1) Participate or Spectate in Hogmanay
After two adventurous visits to Hogmanay, my favorite events are always the Torchlight Procession on December 30th and the Ceilidh Under the Castle, a traditional Scottish dance, on New Year’s Eve.
The Torchlight Procession is an event that is just as beautiful to watch as it is to participate. It’s one of the most breath-taking things I’ve ever experienced and the sight is quite unbelievable.
Even if you don’t want to attend the procession, instead you can take the time to appreciate the view by standing at the top of the Royal Mile and looking down. It’s an incredible sight, seeing thousands of people process in unison down the Royal Mile to Holyrood Park. The organization amidst the seeming chaos. The beauty of the ancient buildings lit by firelight.
The Torchlight Procession isn’t the only event you can participate in or spectate. You can hit the beach for Loony Dook as a participant or spectator—a great opportunity to see the crazy costumes.
2) Make Reservations and Buy Tickets
With thousands of visitors descending on the city, it’s essential to plan ahead of your arrival: where you’ll stay, eat, and visit.
The first time I attended Hogmanay, I went solo. Yet, I still got turned away from nearly a dozen restaurants in one night.
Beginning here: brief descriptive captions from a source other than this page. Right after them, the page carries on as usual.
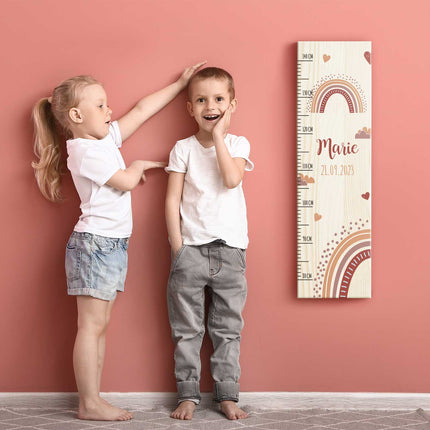 SEO. Messlatte für Kinder mit Namen aus Holz für Kinderzimmer - Regenbogen Rot Linkreich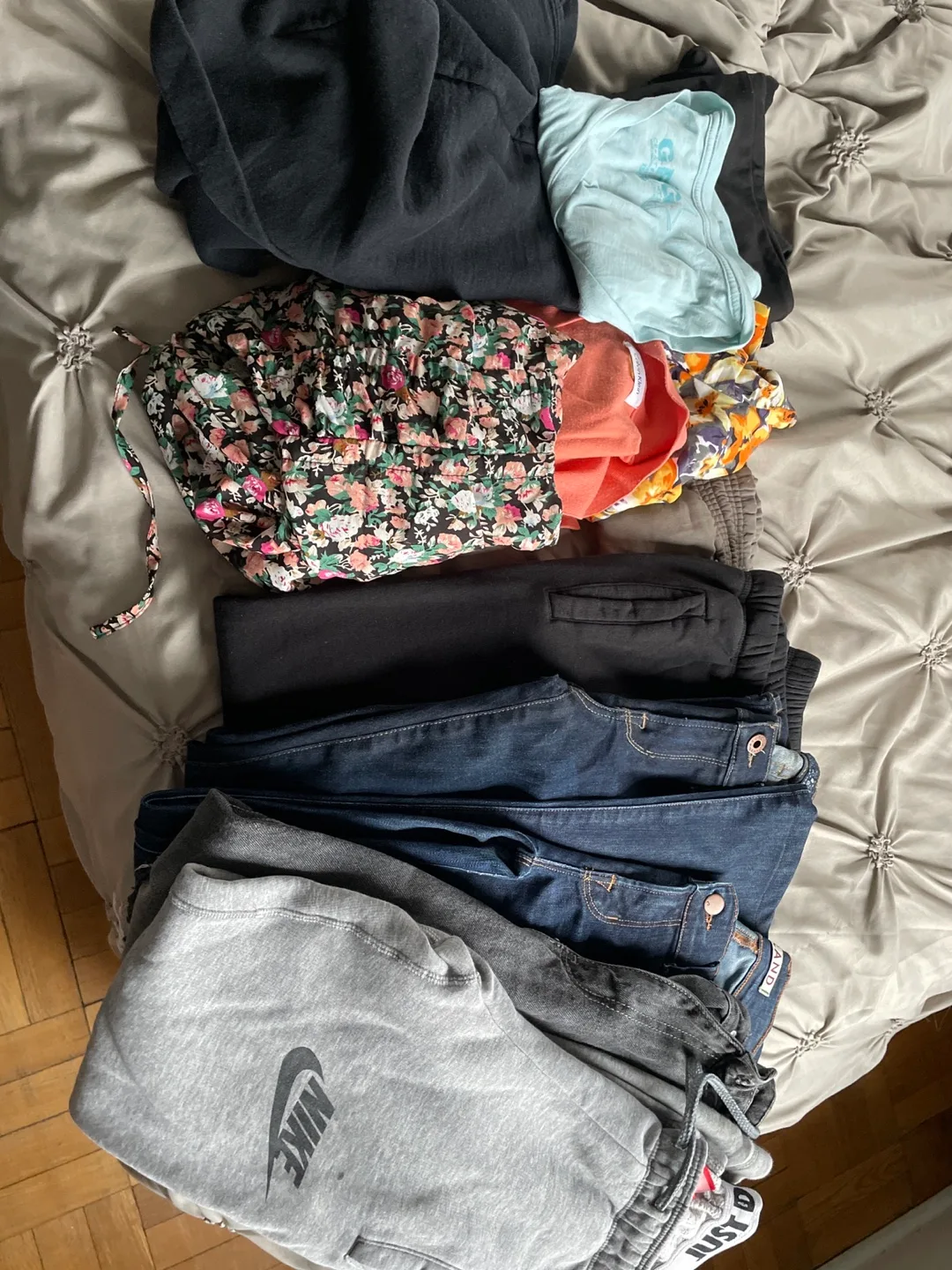 Bundle of women's clothing thumbnail
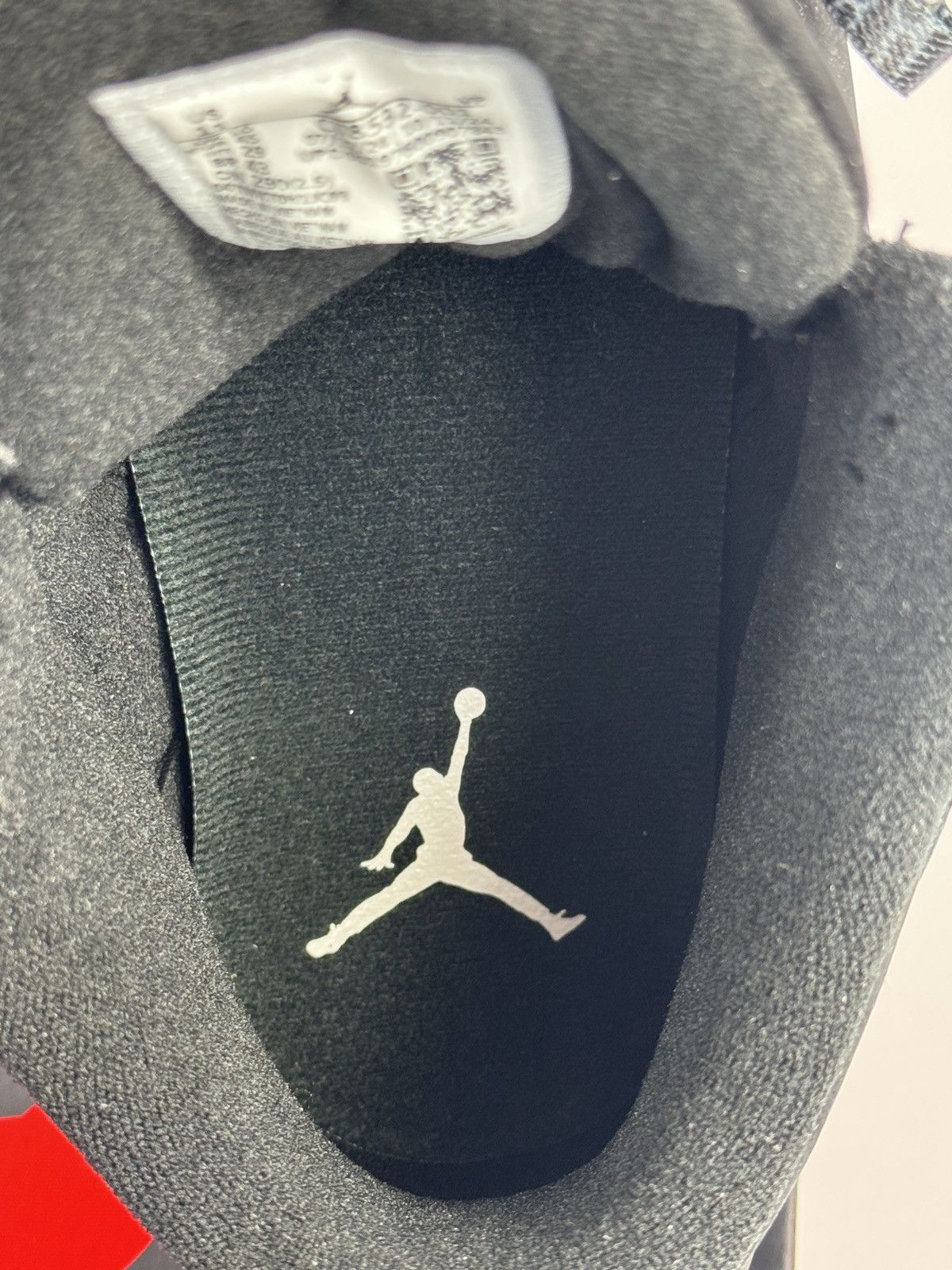 Jordan Brand AIR JORDAN 3 RETRO SNEAKERS Size US 11 / EU 44 - 7 Thumbnail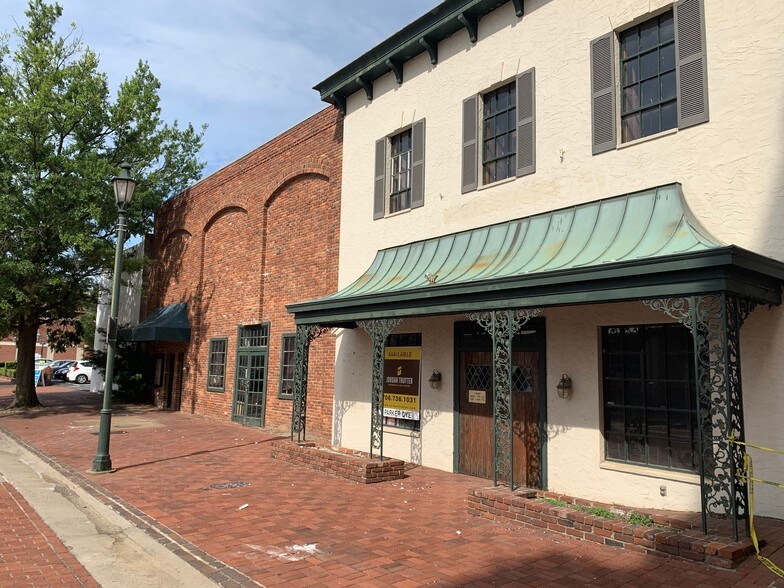 More Photos Of 15 7th St, Augusta Restaurant For Sale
The need for restaurant reservations, even if it’s just a pub, shouldn’t be overlooked.
The second visit I made to Hogmanay, which was a party of five, went much smoother with reservations at nearby pubs and restaurants for dinner. Lunch was often on the go, and we ate at off-times or picked up takeaway, like jacket potatoes or sandwiches. But really, reservations for any meal at a restaurant is important.
Although technically not a reservation, you’re going to want to buy your Hogmanay passes and tickets when they go on sale in the fall. You’ll need to buy separate tickets for the Torchlight Procession (and reserve your torch); Street Party; concerts; Ceilidh; and all the other events. There isn’t an all-in-one ticket or pass to get you into everything.
3) Be Patient
Even with reservations, there is a good chance you’ll have to do some waiting.
Restaurant staff, customer service representatives, store employees are all stretched thin for these few days of the year. It’s not just the thousands of visitors, but it’s also the holiday season. Have a little patience, and be kind.
Additionally, you’ll have to do some waiting in line (see #5) for events like the Torchlight Procession and the Ceilidh, so have patience. Bathrooms are also at the top of this list at the Street Party, be prepared to wait 30 minutes to an hour for an overused Port-o-Potty.
4) Rent A Place To Stay
While hotels are great, you might want to rent a room or apartment with access to a kitchen.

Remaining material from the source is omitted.